Over the last twelve months, the Gossamer team has been hard at work! As the year winds down, we wanted to recap some of our achievements. Let’s go!
Migrating to PebbleDB
Gossamer switched from BadgerDB to PebbleDB due to recurring panics and poor performance. PebbleDB, developed by the CockroachDB organization, is also used in go-ethereum.
The migration process involved the following steps:
- Implementing PebbleDB: A new implementation of our storage interface using PebbleDB was created and placed under the internal/database directory.
- Ensuring compatibility: The PebbleDB implementation fulfills our storage interface, allowing for seamless integration with existing applications.
Our migration to PebbleDB proved to be a success! We have not experienced any of the recurring panics or memory issues that we experienced with BadgerDB.
Synching and block finalization
Another significant milestone was surpassing the 9.4 million block sync mark. This impressive feat is the result of a major refactor of the sync package, leading to a multitude of improvements that enhance stability, speed, and overall user experience.
A few key improvements:
- Faster synchronization & enhanced error handling: The new sync approach is more stable and consistent, eliminating bugs and discrepancies that previously bogged down the process. Blocks can now be retrieved more efficiently, resulting in significantly faster synchronization times. This is achieved through the use of worker pools and an optimized peer selection system, translating to a quicker and more efficient experience for users syncing their nodes. The updated sync package can also identify and punish peers who send bad blocks, ensuring data integrity and preventing the spread of corrupted information.

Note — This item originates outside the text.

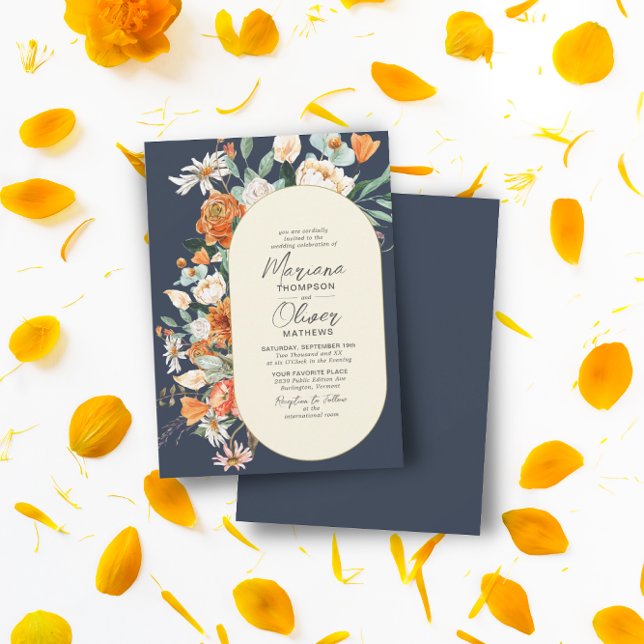 Rustic Florals Double Arch Navy Wedding Invitation (Creator Uploaded)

- Seamless syncing and improved logging & transparency: You can now seamlessly resume syncing after a node restart, saving time and effort. Enhanced logging provides users with better visibility into the sync process, allowing for faster identification and resolution of any issues.
- Optimized state trie loading: Loading the state trie from the latest block is now available, preventing delays and ensuring a smooth synchronization process. Thanks to several runtime layer fixes, a few critical issues have been resolved, correcting wrong values and missing implementations in the child-trie package.
Wazero
During the syncing process from a Gossamer staging node to Westend, our team encountered several significant challenges related to memory management which we isolated to Go-Wasmer. Go-Wasmer is a package of CGO bindings to the rust Wasmer package. This led us to discover a new native go WASM interpreter called Wazero that didn’t exhibit the same issues we had with Go-Wasmer.

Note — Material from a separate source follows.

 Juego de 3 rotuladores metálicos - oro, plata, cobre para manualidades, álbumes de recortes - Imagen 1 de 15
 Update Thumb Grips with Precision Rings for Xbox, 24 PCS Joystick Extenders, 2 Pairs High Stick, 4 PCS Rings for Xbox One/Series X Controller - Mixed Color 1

Our team is working on a fork of Wazero that restores the ability to export memory, which was available in older versions of Wazero but was removed in a later version.
Without going too far into details, a FRAME-based runtime calls out to the Polkadot host to allocate memory, which requires the host to be able to export memory to the WASM blob that imports the exported memory module. With further developments in WebAssembly, memory allocation is now handled internally, which is why the Wazero team removed this ability to export memory in later versions. To ensure compatibility with FRAME-based runtimes, we needed to restore this feature to make it work in Gossamer using Wazero.
New heap allocator
Investigation & resolution:
- A bug appeared as an "out of bounds memory access" error related to memory block #9412261. It was not caused by memory growth directly, but instead by a mismatch between the type and value of the memory page size. This caused Wazero, the runtime instance runner in charge of memory management, to return an incorrect page size.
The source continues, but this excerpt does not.